Argumentos para tentar convencer as emissoras a lhe dar uma oportunidade para colocar sua Forja na telinha não faltam ao veterano dirigente. Ele se diz convencido da existência de uma demanda reprimida de público, herança dos tempos da Bandeirantes. Também culpa a falta de iniciativa, ou competência, dos departamentos comerciais das tevês, que, segundo ele, não sabem vender o peixe. “Como é possível querer comparar a plateia do boxe com a plateia do surfe? Surfe tem plateia? Boxe tem”, queixa-se. Além disso, ele aposta que o boxe é um dos únicos esportes capaz de fisgar um nicho de audiência instantânea. “Se você chega em casa, liga a tevê e vê que está passando uma luta, você instintivamente torce por um. É da gente. Um cara dá uma pancada e o outro acusa, você torce para o outro revidar”, explicou, postulando se tratar de um esporte que, de certo modo, é uma metáfora da vida. “Estamos sempre lutando por alguma coisa.”
Nos Estados Unidos, mercado que mais valoriza o pugilismo, os bons combates também não são mostrados na tevê aberta. Menos em função do desinteresse das emissoras ou do público, mas por uma estratégia de marketing. Como a demanda é alta, as emissoras guardam as melhores lutas – aquelas que trazem disputa de título – para os assinantes de pay-per-view. O gosto por boxe está no DNA dos Estados Unidos e gerou um hábito semelhante ao que se tem aqui com o futebol: quem não pode comprar o serviço para ver a luta na tevê de casa vai para um sport bar e acompanha de lá os golpes de seus ídolos favoritos. É garantido que verá, além da disputa, um espetáculo de showbiz com direito a celebridades na plateia e pugilistas apresentados como as estrelas que de fato são.
“Se você transmite lutas que não são do nível adequado para a televisão, com um tipo de produção acanhada ou rudimentar, acaba desglamorizando a modalidade”, assegura Quico, que, por meio de sua empresa de marketing esportivo, a SportPromotion, negocia a volta do boxe à tevê aberta. A ideia é transmitir bons combates internacionais de modo a criar novos ídolos. E consequentemente, mais audiência. Para desalento do presidente da Federação Paulista, contudo, a Forja de Campeões não faz parte desse roteiro. “Sei que o Newton faz com todo o empenho, é um batalhador desse negócio há décadas. Mas abrir a câmera e só mostrar aquilo… Não é um produto que tenha mercado para ser exibido”, diagnosticou o empresário.

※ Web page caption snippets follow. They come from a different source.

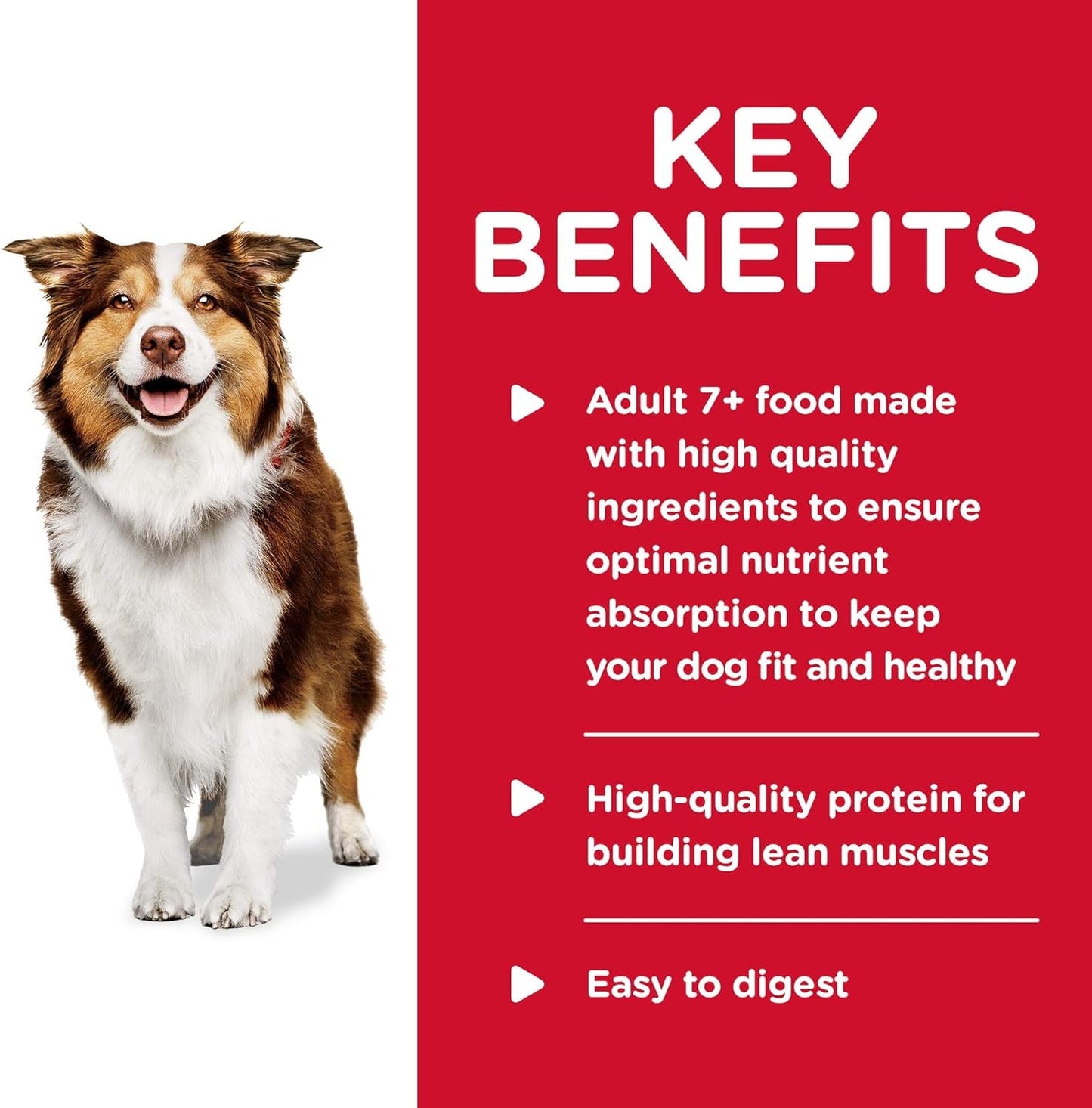 Healthy Cuisine, Senior Adult 7+, Senior Premium Nutrition, Wet Dog Food, Roasted Chicken, Carrots & Spinach Stew, 12.5 Oz Can, Case of 12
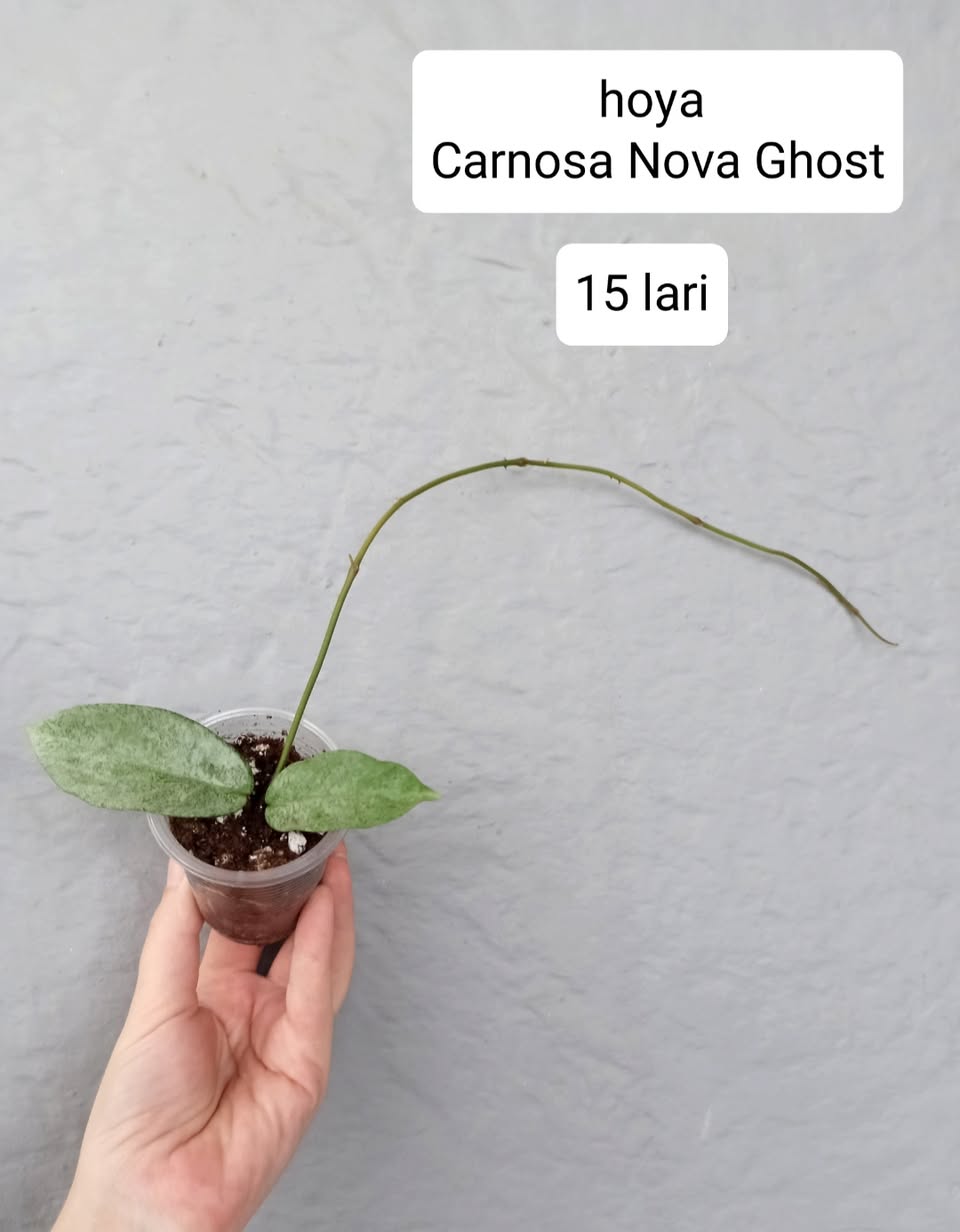 Hoya Carnosa Nova Ghost, комнатное растение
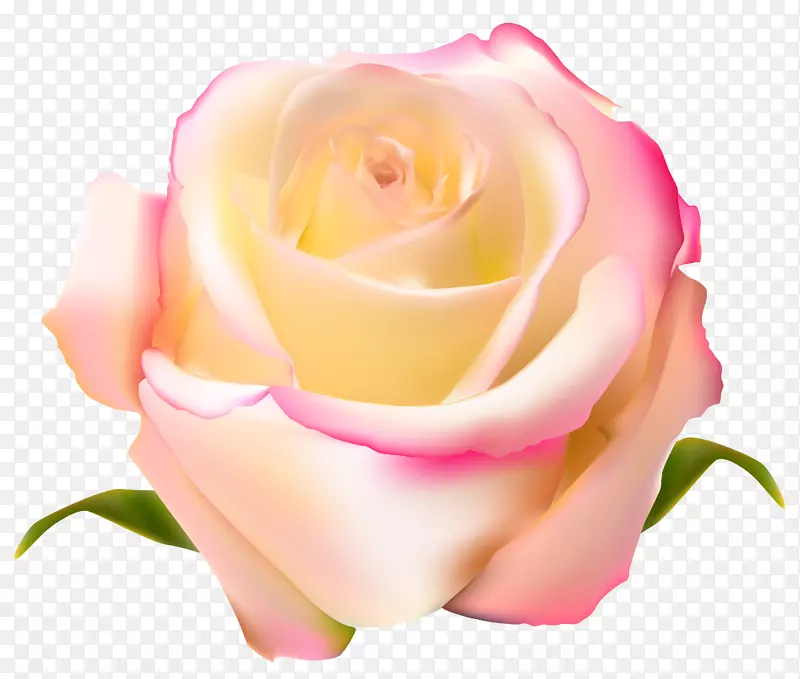 花园玫瑰沙滩玫瑰蜈蚣玫瑰-玫瑰透明PNG剪贴画图像
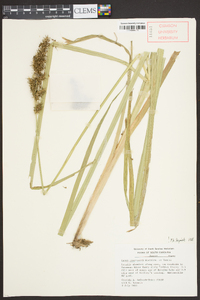 Carex crus-corvi image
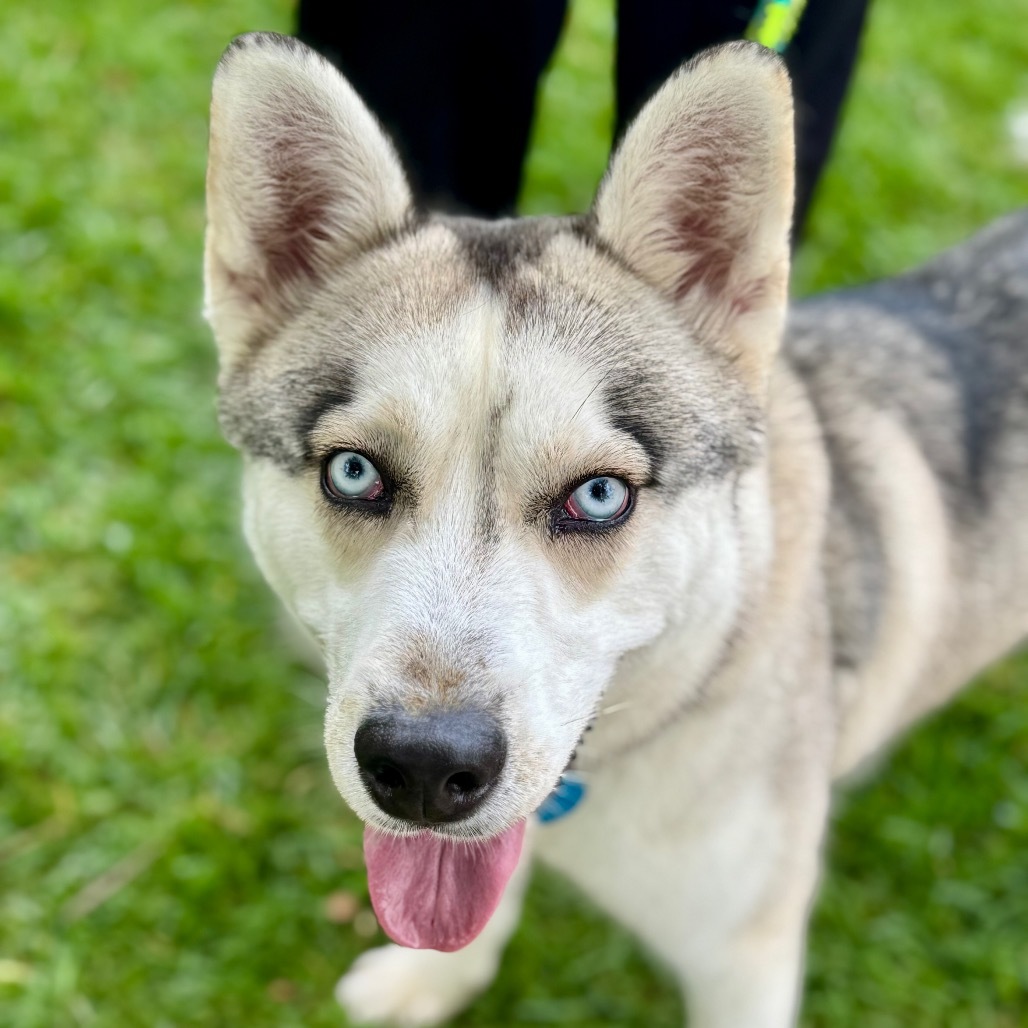 Spike (C000-289)-Chino Hills Location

Enquanto isso, Newton segue fazendo o que está a seu alcance – e o que gosta. Ao final de mais uma terça-feira de boxe amador no “Babí”, ele posava para fotos ao lado do estreante Guilherme Young, categoria superpesado. Por ter desferido o melhor nocaute da noite, Young recebeu o grande prêmio – um par de luvas e um protetor bucal.

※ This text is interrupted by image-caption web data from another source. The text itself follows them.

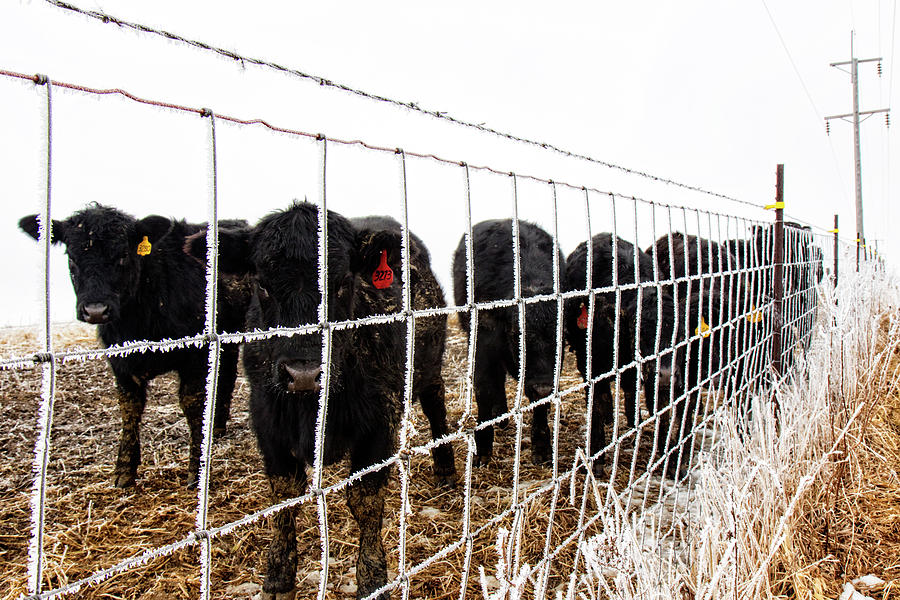 medina, mn. young cattle. by Cynthia Dickinson medina, mn. young cattle. by Cynthia Dickinson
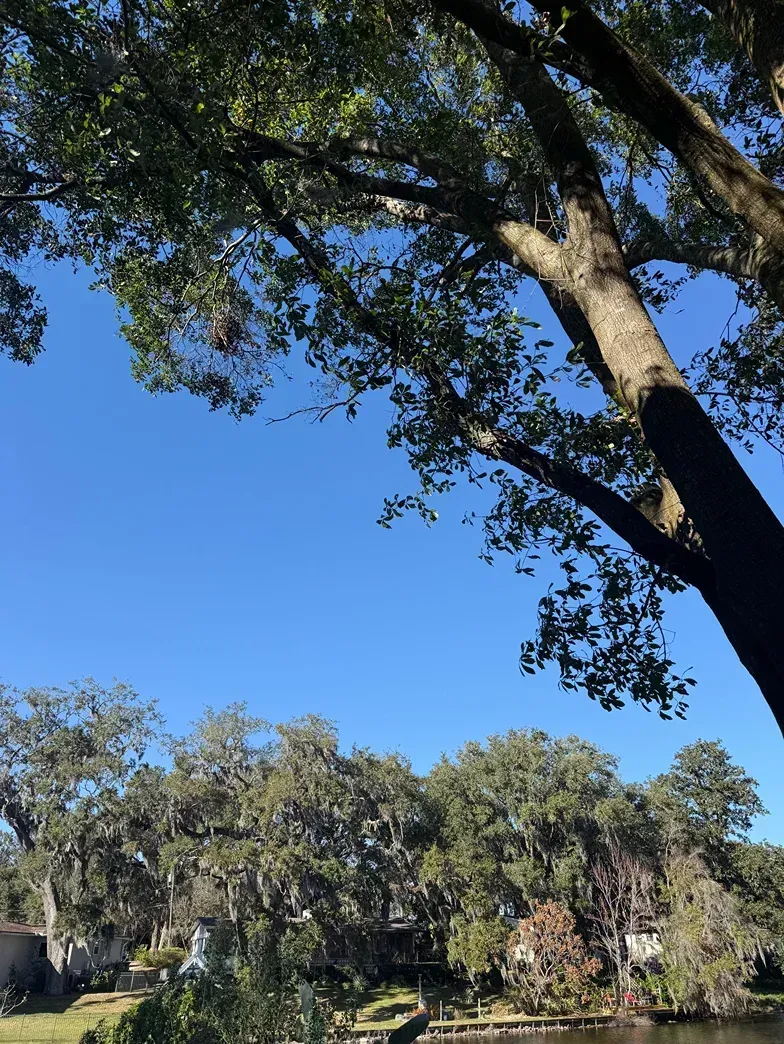 Tall tree branches framing a bright blue sky over a wooded landscape with Spanish moss and sunlit trees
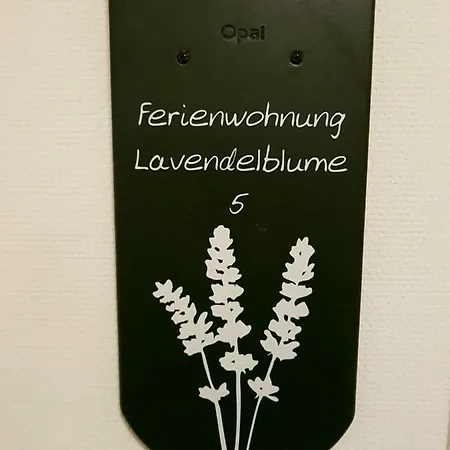 Lavendelblume - 4 Sterne Inklusive Eigene Bikebox Mit Strom - Waeschepaket - Power Wlan - Parkplatz # Bestpreisgarantie # Zingst Exterior foto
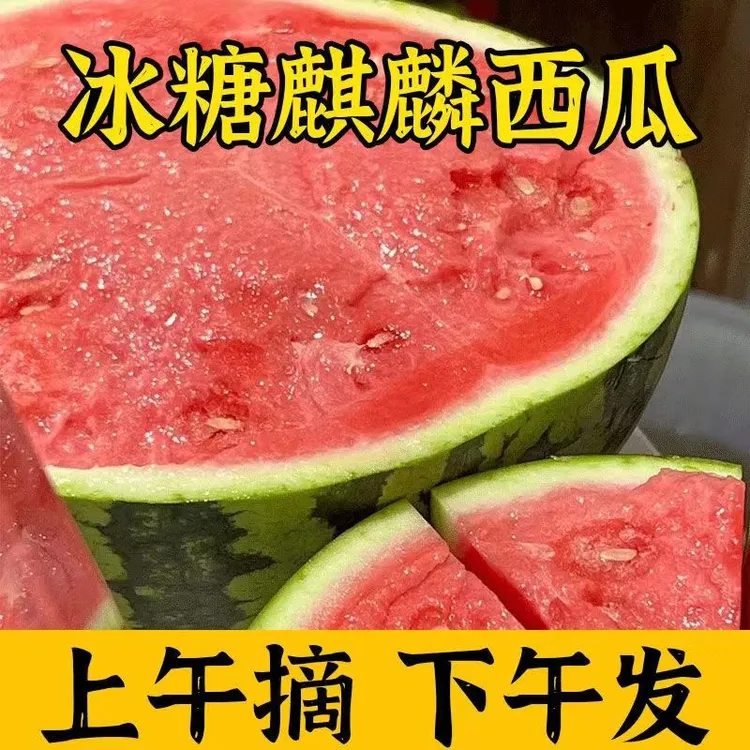 【自然生长】冰糖麒麟西瓜果形3000g-4000g/个美都云南省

Para a escritora norte-americana Joyce Carol Oates, autora de um belo e raro olhar feminino sobre o universo do pugilismo, o boxe talvez sequer deveria ser chamado de esporte. “Esportes são o beisebol, o futebol ou o basquete, pois envolvem um jogo. Você joga futebol, você não joga boxe”, pondera ela. Para Oates, o boxe espelha coisas profundas da condição humana: “Homens lutando contra homens para determinar o seu valor (isto é, sua masculinidade) exclui por completo as mulheres, da mesma forma que a experiência da maternidade exclui os homens.” A romancista não crê na atrofia da modalidade. “Jamais abandonaremos o gosto pelo boxe. É algo semelhante, talvez, a experimentar sangue. Ou amor misturado ao ódio, que sempre é mais forte do que apenas amor. Ou apenas ódio”, conclui.